#ubuntu-ports 2005-10-24
* neuro|laptop makes squeaky noises and wonders if his tiny ultra stack would be useful for the porting cause 
<fabbione> hey neuro
<fabbione> what kind of hw is that?
<neuro|laptop> coupla ultra 5s and 1 or 2 ultra 1s
<neuro|laptop> just wondering if they'd be useful remotely
<fabbione> neuro|laptop: not as buildd.. they are too slow, if they have console we can use them as test install machines
<neuro|laptop> okie
<fabbione> or you can install and report :)
<fabbione> but it's nice you want to help
<fabbione> thanks
* fabbione needs to go offline
<fabbione> later
<shinmen> I have an Ultra80 with 3 procs if that could bring joy to the party.
<fabbione> shinmen: same as neuro|laptop :) can we use it for test installs? or do you want to run test installs?
<fabbione> i really must go now
<fabbione> later
<shinmen> fabbione, Shure, just let me know what do you want to test and I'll do it.
<shinmen> BTW, any TODO list for sparc... I've been kinda idle here at work, so I have a bit of time to help arround.
<fabbione> shinmen: install party :) there is X autoconfig that needs to be worked out on sparc
<shinmen> fabbione, Ok, first of all... I looked at, but didn't follow the steps on the installguide for warty, but for breezy I just grabbed the already there debian sarge and apt-get dist-upgraded it. Is there some other way?
<shinmen> fabbione, Is there a web page on ubuntu sparc info (other than the repository at sparc.ubuntu)

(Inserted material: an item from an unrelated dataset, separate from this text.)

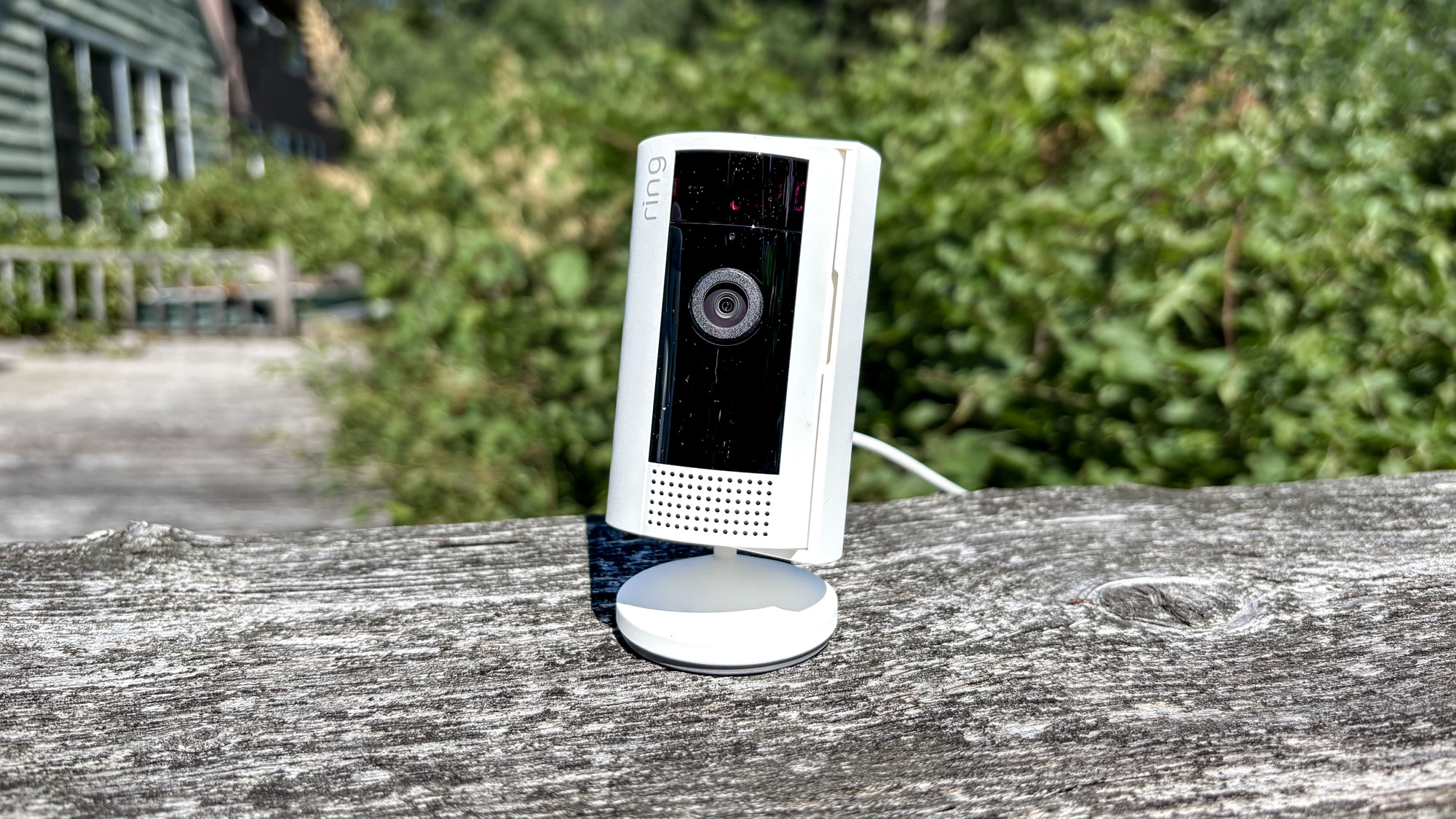 A Ring home security camera outside on a bench in front of green bushes.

<fabbione> you went all the wrong way :)
<fabbione> there is no warty for sparc
<fabbione> only breezy
<fabbione> in the announce i explained how to install it
<fabbione> there is netinstall either via tftpboot or miniso
<fabbione> upgrades from sarge are tricky if you don't know how to use apt pinning
<fabbione> also.. the installer works
<fabbione> and only via the installer you get to test X autoconfig for real
<shinmen> I'll take a hard drive home tonight to test it.
<fabbione> :)
* shinmen wonders if he has scsi drives to spare for the U80
* shinmen sees the door open on the E450 an steals from it
#ubuntu-ports 2005-10-25
<shinmen> Just to check if this is a known bug.. but I'd just installed my U80, and when the machine comes up, /etc/init.d/networking isn't doing anything.
<jbailey> I think hotplug brings up the interfaces.
<shinmen> network/interfaces looks good. I'm not shure if it's because I have an e1000, but the module is up, and if I do "ip a a..." manually, it works.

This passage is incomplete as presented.